The older one responded: “Have you ever had Sazerac?”

“No, I’ve never heard of it,” the other answered. The older guy had a similar reaction to the adult I mentioned in the above story. He found it unfathomable that this kid really liked rye whiskey and didn’t know about Sazerac. However, it reminded me of something very important (besides my Kiss memory): we all get into things at different times and not everyone looks backward from where they begin. Sazerac was unavailable for a number of years on the general market during the great rye shortage, so for a number of people who got into rye during that period, Sazerac is something new, not necessarily an established classic. To me, Sazerac is the great example of Kentucky rye whiskey (like an original Kiss fan might also think about Hotter Than Hell), but to others Templeton, Bulleit, and High West are the whiskies they cut their teeth on (like me with Crazy Nights). 

When I got home this afternoon, I got a tad inebriated and sat down to listen to one of my new purchases: a like-new used copy of Pink Floyd’s Piper at the Gates of Dawn. I have a long and tortured personal history with this album and listening to it today made me realize how unprepared I was as a teenager to recognize its genius. I think it must have been like drinking old Bowmore during my first year as the spirits buyer for K&L. I didn’t really get it. I mean…it was good…but today it’s another level of appreciation. Try as you might to force the issue, we’re not always ready as humans to understand life’s truly complex beauties. It might not only require experience with the subject at hand, but also in life itself.

I’ll share a very personal story with you that also changes the way I feel completely when I listen to this album now today. As a kid, one of my very best friends was a musician like myself and during our sophomore year in high school we both found ourselves completely fascinated by the psychedelic bands of the late sixties. We bonded heavily over our love of Pink Floyd, to the extent that numerous drugs started getting involved while we listened. Like a creepy urban legend, we repeated and believed the rumors about the psychological demise of the group’s original lead singer Syd Barrett. Legend had it that he had taken too much acid and gone completely mad. After taking LSD one night and pretty much freaking out alone in my room (a night that would scar me with anxiety for the following eight years), I thought I had pretty much pulled a Syd Barrett. I thought I had overdone it and destroyed my brain. My friend thought I was being silly and continued to delve deeper and deeper into LSD and ecstasy, but I never touched the stuff again. We grew apart as the years went by, but reconnected again later in life during our mid-twenties, only for me to watch him fade away once again. 

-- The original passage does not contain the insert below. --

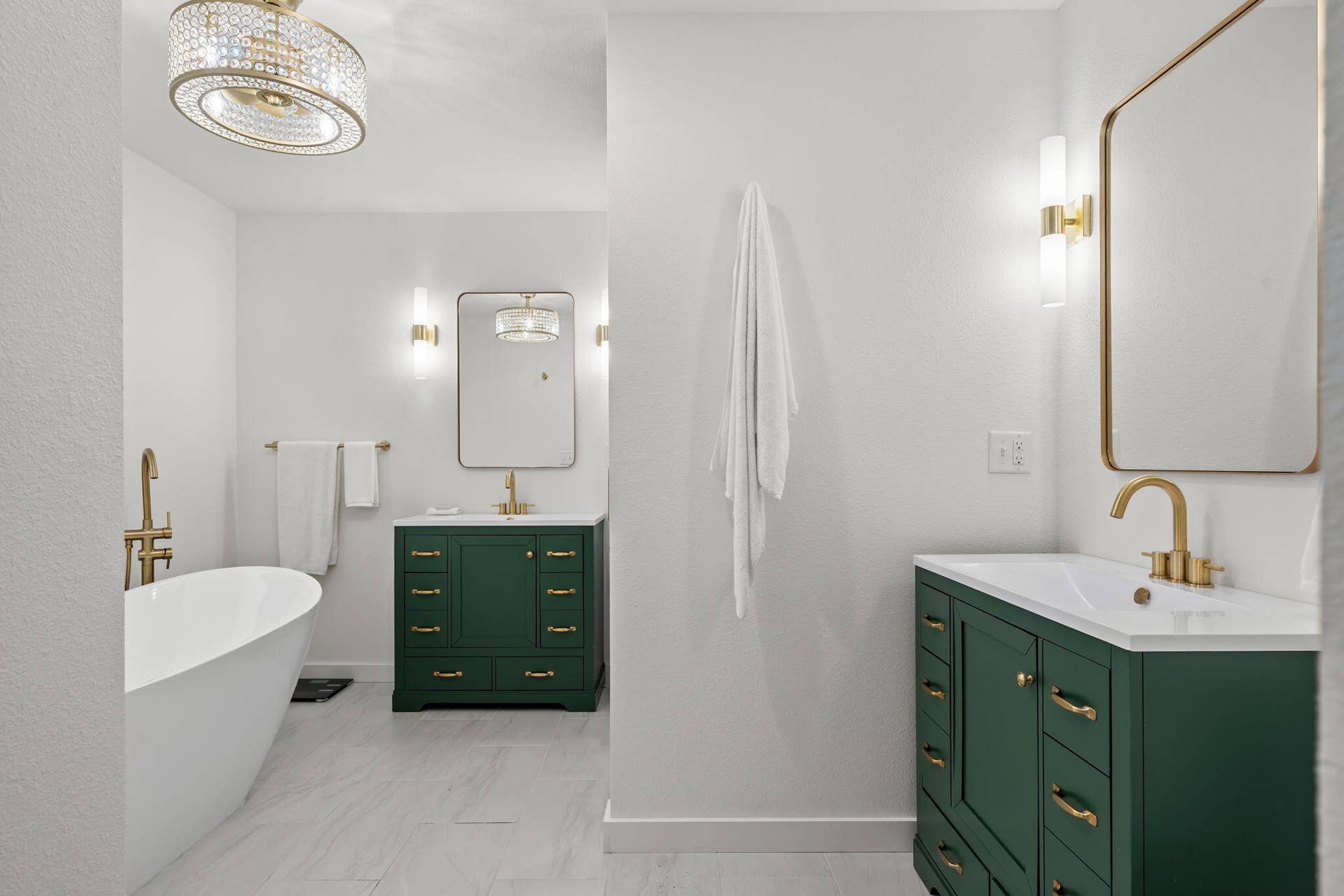 119 Teepee Lane, Kimberling City, MO 65686 119-Teepee-Ln-Luxury-Bathroom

Having read numerous interviews about the Syd-LSD connection later, his bandmates David Gilmour and Roger Waters said that while the acid probably didn’t help, Syd’s eventual breakdown would have happened with or without the drugs. The hole was always there and the acid had ripped that hole open faster. The sad connection here is that my friend, not me, was the one who would eventually suffer the same fate as Syd: a complete schizophrenic breakdown; one that would have happened regardless I think, but one that—like Syd—was not aided by heavy drug use. Today he lives in a mental hospital and, while mostly stable when supervised, is a shell of his old self. Listening to Piper on vinyl as I type this is like a trip back to a psychedelic fantasy world, one that still overwhelms me a bit, but ultimately one I’m now wise enough to navigate without fear and with more experience.